How Object Detection and Instance Segmentation Work with PyTorch

Have you ever wondered how computers can identify and locate multiple objects in an image? Or how self-driving cars can distinguish between pedestrians, cars, and road signs?

Let's break down a practical PyTorch tutorial that teaches machines to detect and segment pedestrians in images.

What Are We Building?

We're creating a computer vision system that can:

1. Detect pedestrians in images
2. Draw boxes around them
3. Create precise outlines (masks) of each person

This is known as "instance segmentation" - not only do we detect objects, but we also determine exactly which pixels belong to each object.
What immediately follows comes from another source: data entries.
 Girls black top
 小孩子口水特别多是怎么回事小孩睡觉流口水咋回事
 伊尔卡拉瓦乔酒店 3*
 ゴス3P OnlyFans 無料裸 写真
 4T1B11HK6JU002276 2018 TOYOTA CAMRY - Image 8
The Dataset: PennFudan Pedestrian Database

We're using a dataset from the University of Pennsylvania that contains 170 images with 345 pedestrians. What makes this dataset special is that it comes with two types of files for each image:

• The actual image with pedestrians
• A corresponding "mask" image where different colors represent different pedestrians

!wget https://www.cis.upenn.edu/~jshi/ped_html/PennFudanPed.zip -P data
!cd data && unzip PennFudanPed.zip

Understanding the Technical Approach

Let's break down what we're doing into digestible pieces:

1. Creating a Custom Dataset

First, we need to organize our data in a way PyTorch can understand. Think of this like creating a filing system where each file contains:

• The original image
• Information about where each person is located (bounding boxes)
• Masks showing which pixels belong to each person
• Labels indicating what each object is (in our case, everything is a "person")
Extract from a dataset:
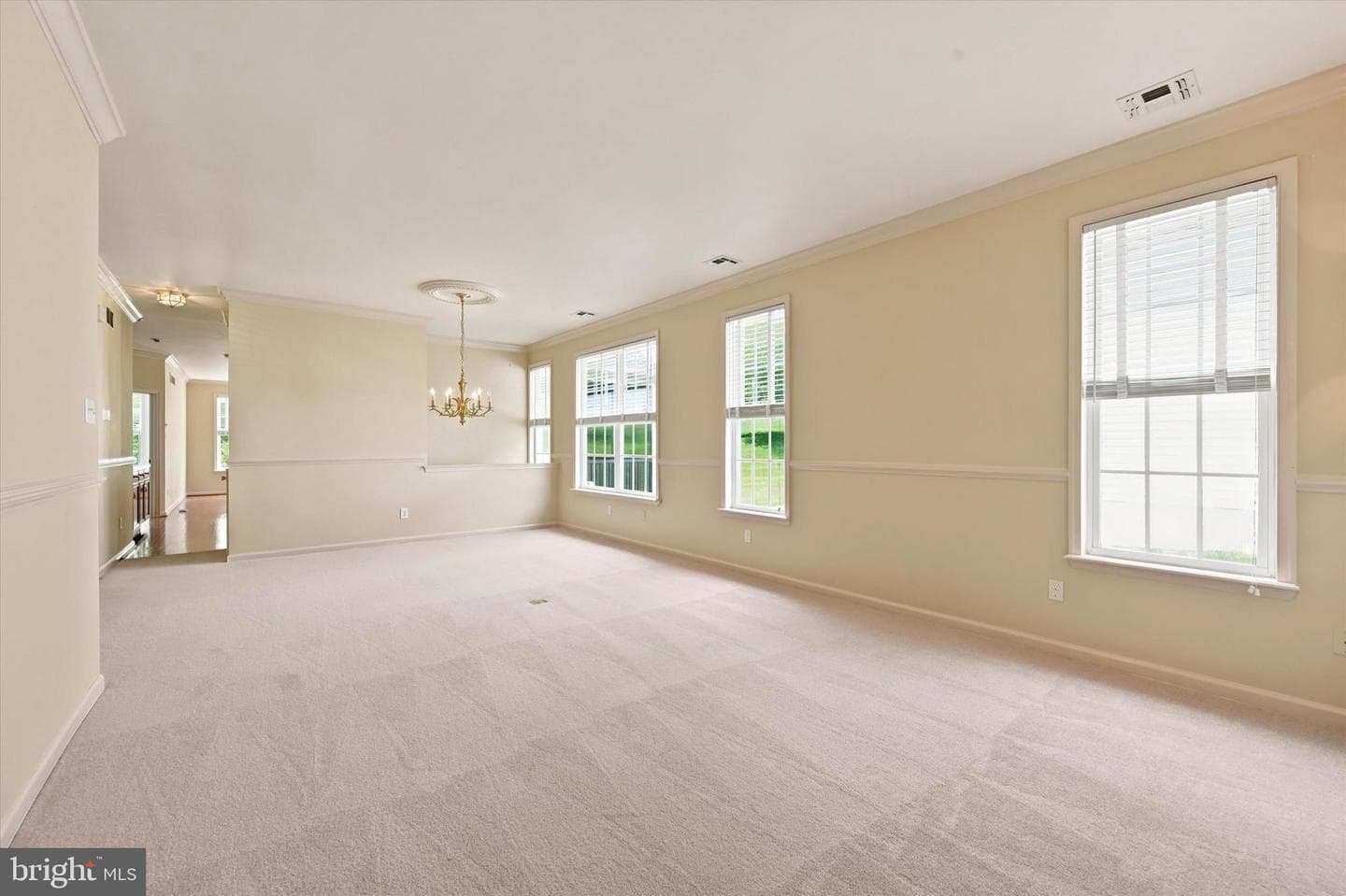 530 Fox Den Court photo 6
This is handled by our PennFudanDataset class, which acts like a smart filing cabinet that PyTorch can easily access.

import os
import torch

from torchvision.io import read_image
from torchvision.ops.boxes import masks_to_boxes
from torchvision import tv_tensors
from torchvision.transforms.v2 import functional as F


class PennFudanDataset(torch.utils.data.Dataset):
    def __init__(self, root, transforms):
        self.root = root
        self.transforms = transforms
        # load all image files, sorting them to
        # ensure that they are aligned
        self.imgs = list(sorted(os.listdir(os.path.join(root, "PNGImages"))))
        self.masks = list(sorted(os.listdir(os.path.join(root, "PedMasks"))))

    def __getitem__(self, idx):
        # load images and masks
        img_path = os.path.join(self.root, "PNGImages", self.imgs[idx])
        mask_path = os.path.join(self.root, "PedMasks", self.masks[idx])
        img = read_image(img_path)
        mask = read_image(mask_path)
        # instances are encoded as different colors
        obj_ids = torch.unique(mask)
        # first id is the background, so remove it
        obj_ids = obj_ids[1:]
        num_objs = len(obj_ids)

        # split the color-encoded mask into a set
        # of binary masks
        masks = (mask == obj_ids[:, None, None]).to(dtype=torch.uint8)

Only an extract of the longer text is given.